The patient received information regarding the insertion of a chest tube, and he gave his consent for the procedure. The thoracic surgeon waited 12 hours after enoxaparin administration. With the use of a small-gauge needle, the surgeon injected a local anesthetic (20 mL of lidocaine 200 mg/mL) into the fifth right intercostal space along the midaxillary line. Then a 2.5-cm incision was made along the superior edge of the inferior rib. A curved clamp was used to bluntly dissect through the subcutaneous tissues. Then a 24-French (Fr) pleural drainage was introduced by using the trocar technique. Abundant, creamy, foul-smelling pus (about 1500 mL) flowed out from the pleural space upon entry, together with many air bubbles. The drained pus was sent for microbiological tests. The patient experienced rapid subjective improvement and partial reappearance of breath sounds in the right hemithorax. Subsequently the patient was admitted to the pulmonology department.
Clinical Course
As recommended by the cardiologist, the patient received oral digoxin 0.125 mg once a day, oral diltiazem 60 mg twice daily, and subcutaneous enoxaparin 6000 units twice daily.

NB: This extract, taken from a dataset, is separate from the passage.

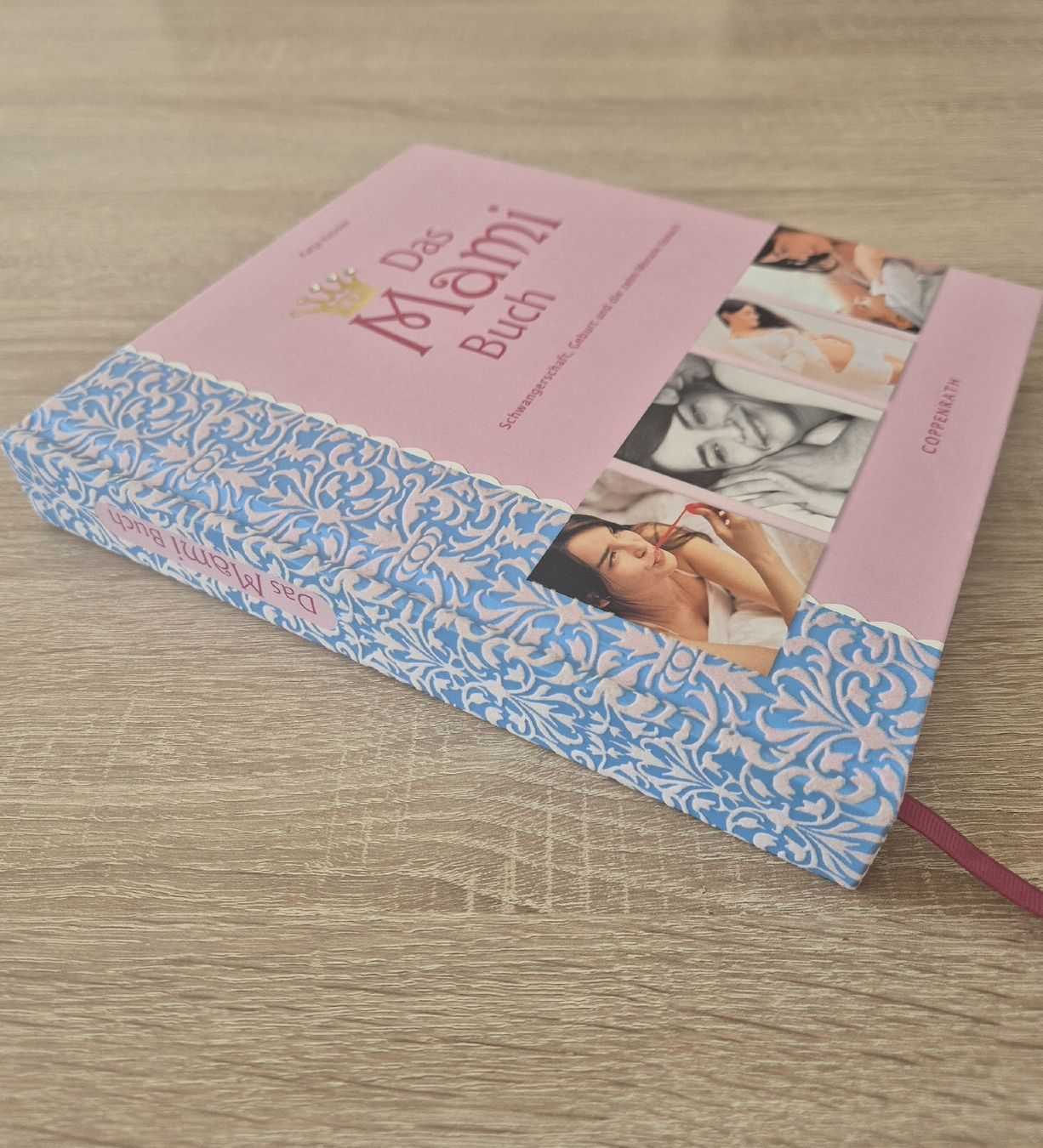 Libri: Das Mami Buch – Usato da Ellighausen venduto da Luna_dk 5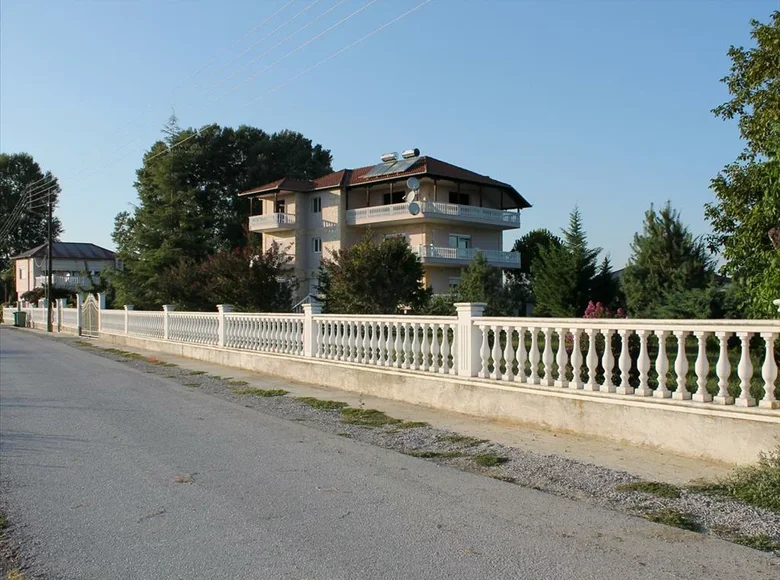 Villa 10 Schlafzimmer 670 m² Kallithea, Griechenland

The pleural cavity was washed with saline two times daily through the double lumen thoracic drain. In about 36 hours, the fever disappeared, and the respiratory symptoms improved. In 48 hours, greater than 3000 mL of fluid was evacuated.
The chemical–physical examination of the pleural fluid was consistent with the diagnosis of empyema: low pH (7.17), low glucose concentration (30 mg/dL [1.66 mmol/L]), and high LDH levels (1800 units/L).
The microbiologist warned the physicians regarding the gram-positive cocci found in pleural fluid cultures, subsequently defined as colonies of methicillin-resistant Staphylococcus aureus (MRSA). Parenteral vancomycin 500 mg four times a day was added. In the following days, vancomycin trough concentrations at steady state were adequate (≥ 15 μg/mL). Blood culture results were negative.
Chest radiography performed 1 week after pleural drain placement showed persistence of hydropneumothorax and incomplete expansion of the right lung ( Fig. 11.3 ).